:: EXERCISE OBJECTIVE ::
Read the data, and whenever a line holds the word "Used", report that line.

:: Records drawn from a dataset ::
=== Section Start ===
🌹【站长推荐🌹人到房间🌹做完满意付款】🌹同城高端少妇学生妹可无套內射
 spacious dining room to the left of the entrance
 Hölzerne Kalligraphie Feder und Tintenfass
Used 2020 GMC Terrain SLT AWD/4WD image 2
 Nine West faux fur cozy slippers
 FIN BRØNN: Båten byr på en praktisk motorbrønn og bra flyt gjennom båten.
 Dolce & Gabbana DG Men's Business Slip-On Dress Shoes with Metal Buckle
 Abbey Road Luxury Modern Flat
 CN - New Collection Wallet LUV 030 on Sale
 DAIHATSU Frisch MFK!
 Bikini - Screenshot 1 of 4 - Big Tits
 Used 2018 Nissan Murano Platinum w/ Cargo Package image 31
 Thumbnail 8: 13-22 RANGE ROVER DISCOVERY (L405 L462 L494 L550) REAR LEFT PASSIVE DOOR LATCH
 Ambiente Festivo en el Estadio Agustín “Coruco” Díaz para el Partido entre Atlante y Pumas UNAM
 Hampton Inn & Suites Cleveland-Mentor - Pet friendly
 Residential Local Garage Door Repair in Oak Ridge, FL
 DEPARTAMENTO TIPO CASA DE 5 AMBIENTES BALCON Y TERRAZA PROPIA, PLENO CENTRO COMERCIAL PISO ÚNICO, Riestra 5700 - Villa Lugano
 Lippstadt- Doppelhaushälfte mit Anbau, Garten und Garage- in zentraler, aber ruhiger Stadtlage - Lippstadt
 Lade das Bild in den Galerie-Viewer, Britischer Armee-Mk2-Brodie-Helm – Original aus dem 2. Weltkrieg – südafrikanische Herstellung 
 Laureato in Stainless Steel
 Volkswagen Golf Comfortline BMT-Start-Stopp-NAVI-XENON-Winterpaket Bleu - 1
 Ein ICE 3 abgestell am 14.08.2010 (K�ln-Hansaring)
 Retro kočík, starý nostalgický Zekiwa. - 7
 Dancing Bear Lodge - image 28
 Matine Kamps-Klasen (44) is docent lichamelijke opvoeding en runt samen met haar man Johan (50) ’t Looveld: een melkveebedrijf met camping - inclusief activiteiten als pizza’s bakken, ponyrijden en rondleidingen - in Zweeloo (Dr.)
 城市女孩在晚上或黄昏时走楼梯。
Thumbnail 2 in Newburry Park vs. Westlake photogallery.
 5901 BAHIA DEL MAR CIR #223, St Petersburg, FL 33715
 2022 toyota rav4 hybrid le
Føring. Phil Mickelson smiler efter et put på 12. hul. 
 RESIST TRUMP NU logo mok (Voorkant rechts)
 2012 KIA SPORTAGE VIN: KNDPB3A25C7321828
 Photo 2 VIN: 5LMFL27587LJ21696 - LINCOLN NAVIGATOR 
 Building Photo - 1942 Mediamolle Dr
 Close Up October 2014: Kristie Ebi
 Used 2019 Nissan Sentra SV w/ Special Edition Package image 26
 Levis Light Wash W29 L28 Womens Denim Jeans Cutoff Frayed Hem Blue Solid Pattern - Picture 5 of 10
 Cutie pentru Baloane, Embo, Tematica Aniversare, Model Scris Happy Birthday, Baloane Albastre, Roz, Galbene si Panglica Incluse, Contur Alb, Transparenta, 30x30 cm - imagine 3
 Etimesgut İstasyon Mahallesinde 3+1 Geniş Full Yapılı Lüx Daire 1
=== Section End ===
:: RESULT ::
Used 2020 GMC Terrain SLT AWD/4WD image 2
 Used 2018 Nissan Murano Platinum w/ Cargo Package image 31
 Used 2019 Nissan Sentra SV w/ Special Edition Package image 26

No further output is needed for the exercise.